O número de trabalhadores infantis no Brasil pode ser sete vezes maior do que indicam as estatísticas oficiais. Segundo o Instituto Brasileiro de Geografia e Estatística (IBGE), em 2019 foram contabilizados 1,8 milhão de meninos e meninas inseridos, indevidamente, no mercado de trabalho, sendo mais de 700 mil nas categorias de piores formas de trabalho infantil.
Os dados foram citados durante o julgamento do Ato Normativo 0007616-84.2022, que propôs recomendação aos magistrados para expedição de autorização de participação de crianças e adolescentes em trabalhos artísticos, concursos de beleza, ensaios e outras modalidades de trabalho previstas no art. 149 do Estatuto da Criança e do Adolescente (ECA), de forma a garantir os direitos fundamentais de crianças e jovens.
A Recomendação foi aprovada por unanimidade, nesta terça-feira (6/12), durante a 361ª Sessão Ordinária do órgão. O texto foi construído pelo Fórum Nacional da Infância e da Juventude (Foninj/CNJ), com a participação do Programa de Combate ao Trabalho Infantil e de Estímulo da Aprendizagem do Conselho Superior da Justiça do Trabalho (CSJT/TST).
A presidente do CNJ e do Supremo Tribunal Federal (STF), ministra Rosa Weber, elogiou o trabalho apresentado pelo relator do texto. “O resultado desse trabalho é fruto de uma multiplicidade de olhares.
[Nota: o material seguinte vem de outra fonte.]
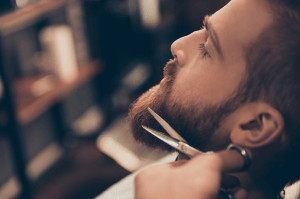 Side view of man having beard trimmed.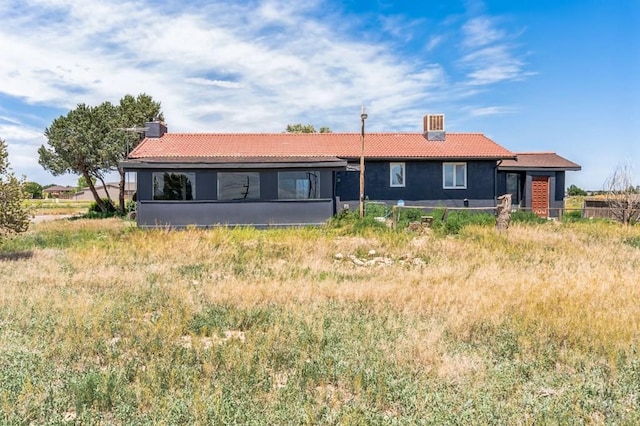 862 S Los Mochis Way, Pueblo, CO 81007 - back of property with a tiled roof and a chimney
Esse talvez seja o grande trunfo do CNJ: todo resultado que apresenta é fruto de um diálogo, resultado de uma maturação, de um debate, de aporte de conhecimentos múltiplos da própria sociedade, das instituições, dos conselheiros e especialistas”, afirmou.
Conforme o voto do relator, o conselheiro Richard Pae Kim, na fase de desenvolvimento do adolescente, “o trabalho deve figurar como um coadjuvante, sempre compatibilizado com o propósito primário de formação e educação, jamais sendo tolerada, assim, qualquer política pública voltada à responsabilização econômica do ser em formação”.
Dessa forma, a regra deve ser a “desautorização do trabalho infantil”, sendo a participação de crianças ou adolescente em espetáculos públicos, seus ensaios e certames, exceções que “jamais podem ser admitidas como porta jurisdicional para instrumentalizar a expedição de autorizações judiciais para autorização de trabalho infantil”, defendeu o conselheiro Pae Kim, que também é presidente do Foninj.
O ministro do Tribunal Superior do Trabalho (TST) Evandro Pereira Valadão Lopes ressaltou que a atuação dos magistrados deverá ser pautada pelos princípios da proteção integral, da prioridade absoluta e da condição peculiar da pessoa em desenvolvimento. “O trabalho infantil deve ser compreendido como situação absolutamente excepcional, necessitando, para tal, de preenchimento de condições especiais, voltadas ao integral interesse das crianças e dos adolescentes. Isso porque a fragilidade deles é inerente. Por se tratarem de pessoas em desenvolvimento e devido à sua falta de maturidade física e mental, sua proteção merece cuidados especiais”, disse.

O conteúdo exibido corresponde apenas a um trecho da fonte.